The city announced Tuesday it will be installing seven additional stop lights on Apache Boulevard between Mill Avenue and Rural Road and hundreds more throughout the city in a project touted by planners as “the key to simply driving these idiots insane.”
This announcement is the first move under the city’s new transportation master plan, which has been described by commentators as the gold standard in inciting city-wide traffic rage and third-degree sunburns.
“When you look at Denver, or Riverside or any of these Western car-culture cities, all of them have pioneered ways to absolutely destroy the minds of their residents by insisting that everyone either walk everywhere or sit in congestion for infinity,” Trisha, a city planner, said. “What we’re doing is taking the best from all of these cities and amalgamating it into one unspeakably evil blueprint.”
Tempe residents may have thought they would catch a break on gas money with the city’s new streetcar project, leading many to believe more public transportation options were on the way. Not so, say city officials, who have been working to strategically ruin everyone’s lives the second they leave their front doors.

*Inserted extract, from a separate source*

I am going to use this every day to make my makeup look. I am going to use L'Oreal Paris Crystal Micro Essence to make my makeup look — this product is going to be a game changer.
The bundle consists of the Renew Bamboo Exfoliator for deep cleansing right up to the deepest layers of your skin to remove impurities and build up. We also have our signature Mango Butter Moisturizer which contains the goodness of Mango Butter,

“See, we’re real fans of walkability,” City Councilmember Todd, who looked as giddy as a schoolgirl, said. “But we know the heat and low-density sprawl of the city’s functions is going to force people to drive anyway. So, what did we decide to do? Just stop the whole process altogether. Fuck ‘em.”

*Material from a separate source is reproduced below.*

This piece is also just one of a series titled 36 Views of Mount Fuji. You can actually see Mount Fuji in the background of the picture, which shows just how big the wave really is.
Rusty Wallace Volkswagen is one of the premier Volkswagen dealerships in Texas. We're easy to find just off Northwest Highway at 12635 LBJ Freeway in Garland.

The traffic lights are set to be completed and installed before September, and officials joyfully point out that none of them will actually improve walkability through any major traffic corridors. Already national news outlets have jumped to point out the environmental friendliness of the city’s plan.
Juergen, an associate professor of city planning at University of California San Diego, says it’s about time Arizona cities got on board with the rest of the country.
“I walk to work every day, smelling the beautiful flowers and admiring the sound of the La Jolla waves lapping up against the distant shore,” Juergen said. “I don’t see any reason why that can’t work for Arizona. I want everyone to experience that joy and, hell, we can even save the planet while we’re at it.”
The mayor at press time was pacing back and forth in front of a glass window overlooking the city in an undisclosed location.
“All they do is bitch and whine,” the mayor reportedly muttered. “Well what if I show them just how bad this can get.”
According to eyewitness reports, the mayor then took a sip of whiskey and signed the authorization for the massive traffic light installation.
“Now I just get to watch them all burn.”
Editor’s note: The opinions presented in this column are the author’s and do not imply any endorsement from The State Press or its editors.